RPN Calculator in U

I give two versions of a calculator in U.

The first is iterative, making use of a stack of intermediate values. The program is an expression that processes a text line by passing it to an anonymous function. Within the function the line, s, is being split into a sequence tks of non-blank tokens. If non-empty, tks gets traversed left-to-right (>) applying evaltk. The resulting value is fed to result, so that either a string representing a number or the string "error is obtained, depending on the correctness of the initial input. That string is printed, and finally a new line is read, if available on the standard input. The result of calling readf becomes the result of the anonymous function. The built-in function beyond ensures that the anonymous function keeps being called while it, i.e. readf, returns a valid value, this being checked by calling val on that value.

evaltk takes a stack of numbers ns and a token tk. If tk successfully reads as a number, the variable x stores that number. Otherwise x is assigned the ‘non-value’ $. Similarly, if tk is equal to any of the one-character strings '+, '-, '*, and '/, op is assigned the respective operator, and $ otherwise. Also, xy gets the last two items of the sequence ns – the topmost two numbers of the stack – or $ if there are less than two in ns. x, op, and xy are local within a conditional expression. With all this preparation done, if x holds a non-$ value, that is appended to ns.
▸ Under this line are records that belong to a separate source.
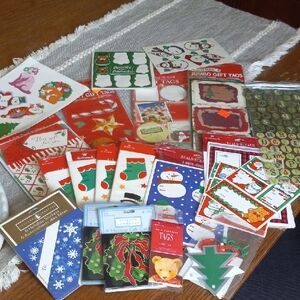 Bundle Of Christmas Holiday Gift Tags And Stickers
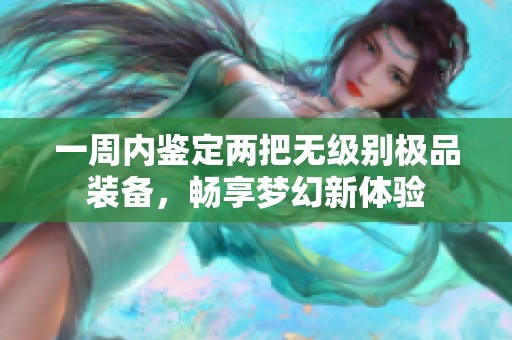 一周内鉴定两把无级别极品装备，畅享梦幻新体验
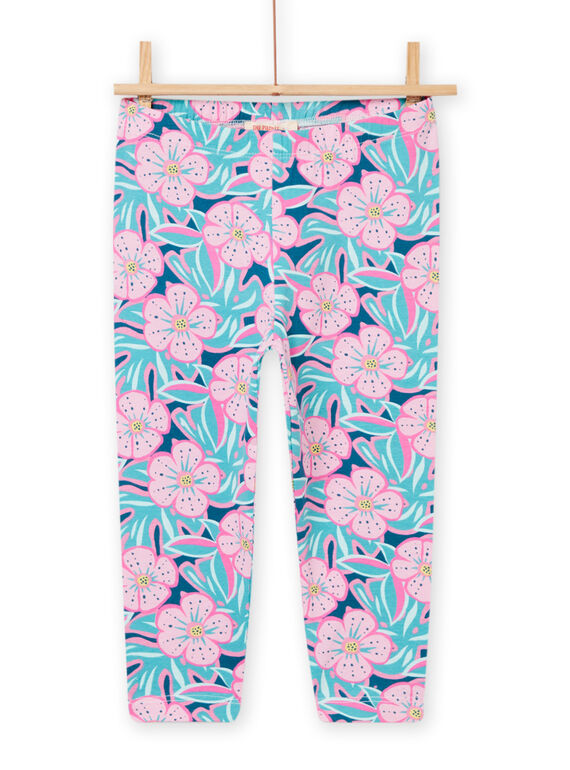Blaue und rosa geblümte Leggings für Kinder Mädchen NYAFICLEG / 22SI01U1CAL715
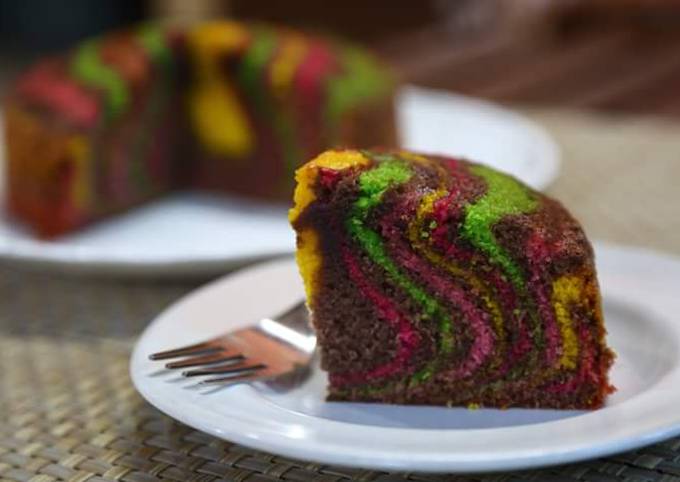 Recipe of Homemade Rainbow Zebra Cake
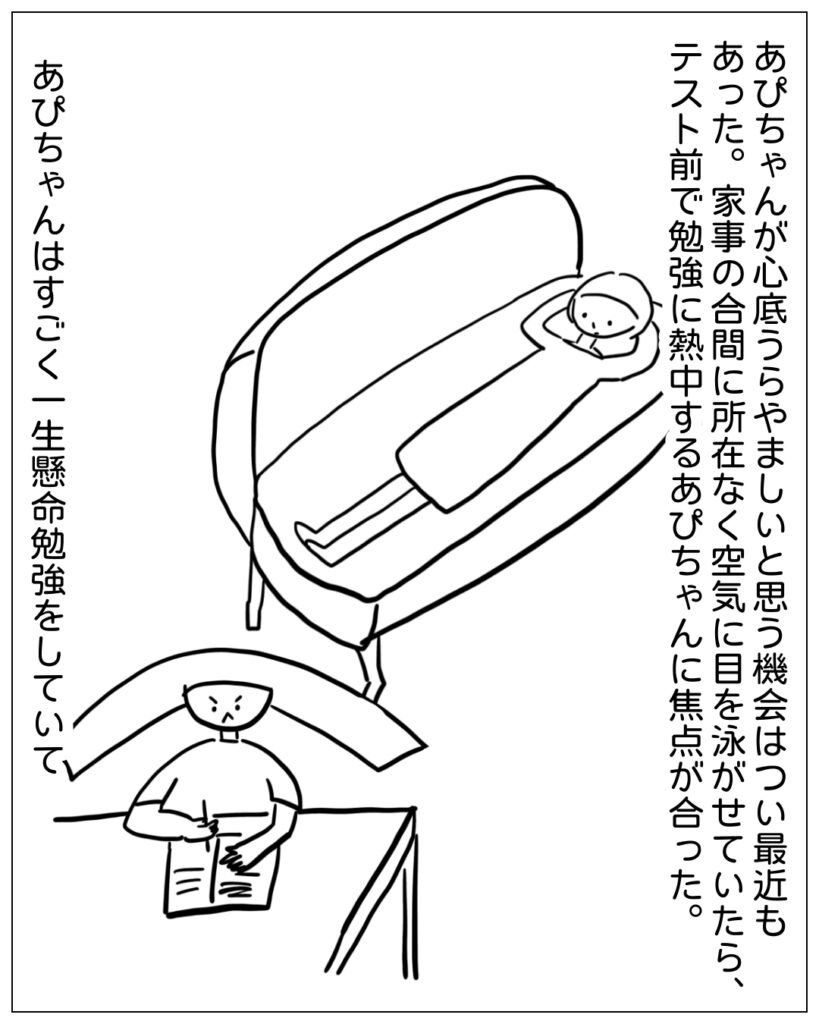 あぴちゃんが心底うらやましいと思う機会はつい最近もあった。家事の合間に所在なく空気に目を泳がせていたら、テスト前で勉強に熱中するあぴちゃんに焦点が合った。あぴちゃんはすごく一生懸命勉強をしていて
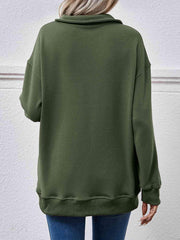 Collared Neck Dropped Shoulder Sweatshirt - Trendsi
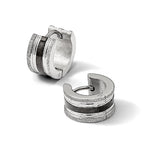 Stainless Steel Black Polished & Laser Design Huggie Hoop Earrings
Alternatively, if both op and xy are non-$, the operator stored in op acts on the two numbers in xy. The result is appended to ns after removing from the latter those two numbers still present in it.

If tk is neither a number nor an operator, or if ns has no (at least) two items when it has to, the conditional expression returns $, and so does evaltk. The subsequent calls to evaltk then will see $ as the value of ns, which leads to each of them also returning $.

It is ensured that ns is initially empty by appending [] in front of tks before calling >. Upon processing a correct RPN expression the result is a sequence of a single number – this is what result pattern-matches against.

@{[s] ::
  ?{tks<>[] :: '() write(evaltk > ([]\tks) | result / '('n))
  ++ tks = s split '( '#0009)
  ;  evaltk = @{[ns;tk] (val.ns) ::
       ?{val.x           :: ns/x
       ; &.(val![op;xy]) :: -2>ns/(op.xy)
       ++ x = tk reads["num] | @{[x;'()]::x}
       ;  op = [['+;+];['-;-];['*;*];['/;/]] assv tk
       ;  xy = 2>ns}}
  ;  result = @{[r] :: '() frm r; _ :: "error}}
  next ('() readf[])}
beyond val . '()


The next version is recursive, processing the token sequence tks backwards by the use of a recursive function evalrpn. A call of it takes a sequence of tokens containing at least one token tk. Similarly to the iterative version, that tk gets checked against being a number or an arithmetic operator.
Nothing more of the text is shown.